By Julie Kay Smithson, property rights researcher, London, Ohio [here]

Today’s ranchers raise beef that is leaner, grown with an eye toward both responsible grazing techniques and health-conscious consumers. Unlike America’s east, where private property is in the majority of land ownership, the federal government owns vast areas in the American west. Ranchers own grazing permits on federal lands. Modern ranching has become complex. Ranching practices must be leaner and greener in order to be environmentally responsible and profitable.

The West and its federal, or “public,” lands, is no exception.

Under the Taylor Grazing Act, the first grazing district to be established was Wyoming Grazing District Number 1 on March 23, 1935. Secretary of the Interior Harold Ickes created a Division of Grazing within the Department to administer the grazing districts; this division later became the U.S. Grazing Service and was headquartered in Salt Lake City. [1]

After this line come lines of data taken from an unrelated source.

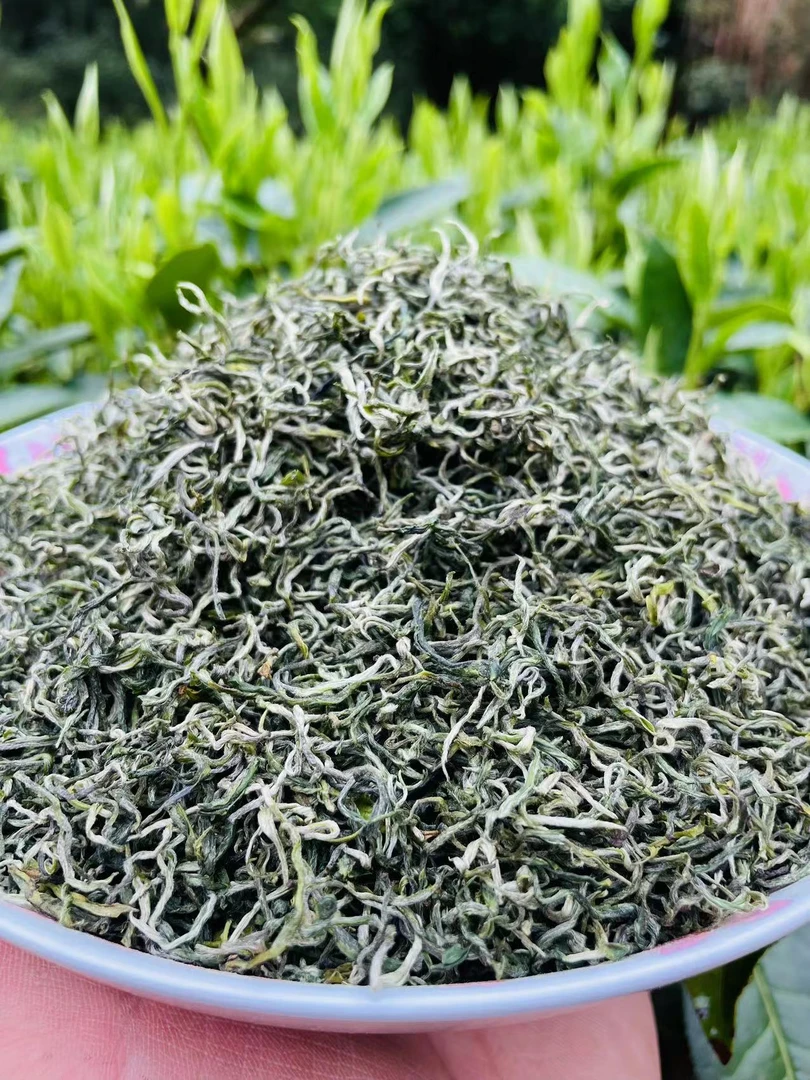 平江绿茶明前茶2025头采新茶碧螺春毛尖茶好茶精选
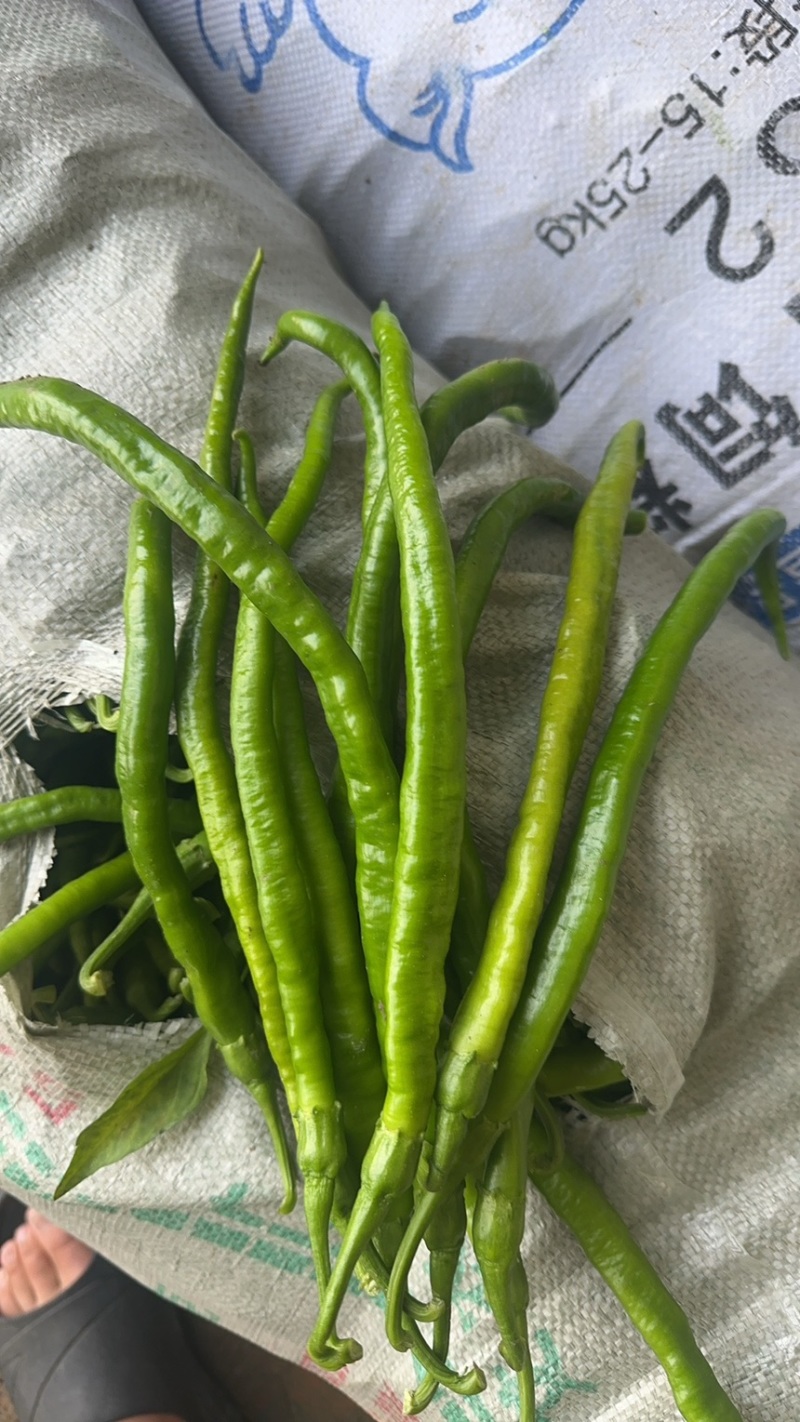 线椒，黄线椒，黑线椒，二荆条，3号椒，8号椒，产地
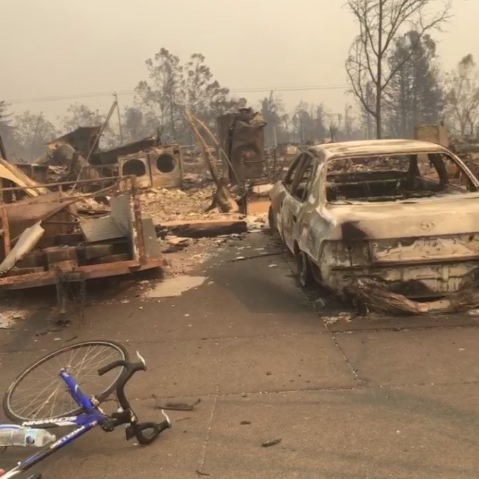 Ein Gebiet, das von einem Flächenbrand verwüstet wurde.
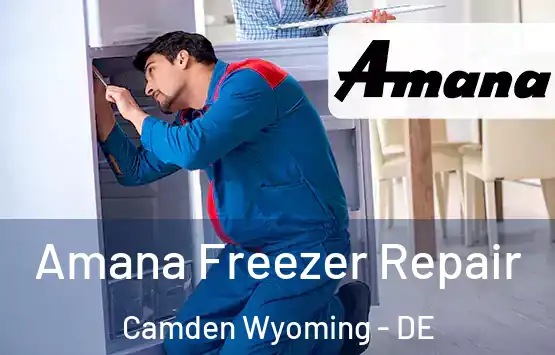  Amana Freezer Repair Camden Wyoming - DE
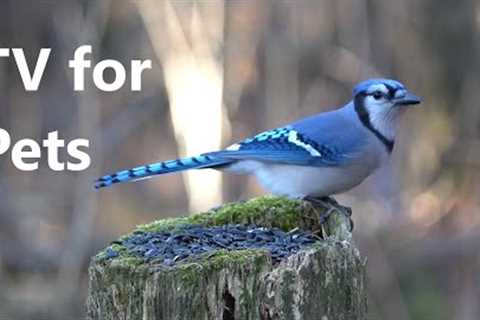 Beautiful Forest Birds - Videos for Pets and People - Dec 14, 2022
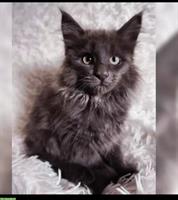 Reinrassiges Maine Coon Kätzchen – Blaue Katze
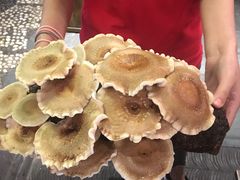 -谭鸭血老火锅(漳州路店)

The Continental Congress, through the “Land Ordinance of 1785,” adopted a “Rectangular Survey System” on May 20, 1785, which defines the public lands by Township, Range and Section, modified by the Act of May 18, 1796, and other subsequent Acts into the recognizable cadastral survey system of today. Originally established by Congress in 1812 under the Treasury Department as the “General Land Office.” The GLO, among other things, was responsible for the surveys of the public lands. Successor to the GLO emerged when the consolidation of the GLO and the Grazing Service occurred on July 16, 1946, creating the Bureau of Land Management (BLM). [2]

In today’s world, being savvy about definitions and laws is vital to running a business. It is also of paramount importance to those whose custom and culture, work and lifestyles, carry the indelible stamp of resource providing: America’s farmers, commercial fishermen, miners, ranchers, and timber growers and harvesters. The saying, “If it can’t be grown, it must be mined,” is true. Food and fiber grown in America is necessary for the health of our nation. Responsible resource utilization encompasses not only the ability to extract or harvest resources, but also the keen, ever-learning manner in which those resources are brought from source to consumer.

Twenty-first century resource providers never leave the classroom – they are constantly in pursuit of new and better ways to both protect the natural environment and provide products that are skillfully grown/raised to be healthful. The old days of just “being” a rancher, farmer, logger, miner, or fisherman, are, as they say, “history.” Today’s history is being written by those dedicated to making a positive contribution to the earth and its people. Such dedication requires a willingness to learn that goes far beyond the confines of learning institutions, one that also respects the science that is ever evolving from those places.

Today’s holders of grazing permits in the West must keep in mind that new ways of grazing mean everything from riparian restoration to making sure livestock don’t tarry too long at any one watering or grazing location.